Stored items
>>>>

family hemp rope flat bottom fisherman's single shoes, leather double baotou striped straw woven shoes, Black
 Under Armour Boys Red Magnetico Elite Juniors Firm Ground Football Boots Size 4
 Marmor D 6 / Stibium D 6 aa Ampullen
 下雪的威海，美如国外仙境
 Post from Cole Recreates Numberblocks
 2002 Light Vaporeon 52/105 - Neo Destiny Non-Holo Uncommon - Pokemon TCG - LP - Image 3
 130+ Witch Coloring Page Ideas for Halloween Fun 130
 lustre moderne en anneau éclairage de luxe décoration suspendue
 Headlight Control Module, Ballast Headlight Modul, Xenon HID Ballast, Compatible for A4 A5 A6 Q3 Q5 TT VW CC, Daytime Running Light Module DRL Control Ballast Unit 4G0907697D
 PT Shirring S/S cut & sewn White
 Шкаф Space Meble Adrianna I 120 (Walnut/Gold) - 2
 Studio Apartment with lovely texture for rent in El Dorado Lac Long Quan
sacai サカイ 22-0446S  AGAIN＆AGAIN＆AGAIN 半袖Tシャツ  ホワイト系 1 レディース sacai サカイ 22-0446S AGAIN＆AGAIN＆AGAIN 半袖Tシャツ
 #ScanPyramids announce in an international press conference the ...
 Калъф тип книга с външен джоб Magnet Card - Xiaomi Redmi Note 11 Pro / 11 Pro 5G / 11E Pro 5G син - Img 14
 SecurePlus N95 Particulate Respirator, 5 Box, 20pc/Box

<<<<

WHAT YOU SHOULD DO
Lines that include the word "Light" are to be extracted from the data above.

RESULT OF THIS TASK
 2002 Light Vaporeon 52/105 - Neo Destiny Non-Holo Uncommon - Pokemon TCG - LP - Image 3
 Headlight Control Module, Ballast Headlight Modul, Xenon HID Ballast, Compatible for A4 A5 A6 Q3 Q5 TT VW CC, Daytime Running Light Module DRL Control Ballast Unit 4G0907697D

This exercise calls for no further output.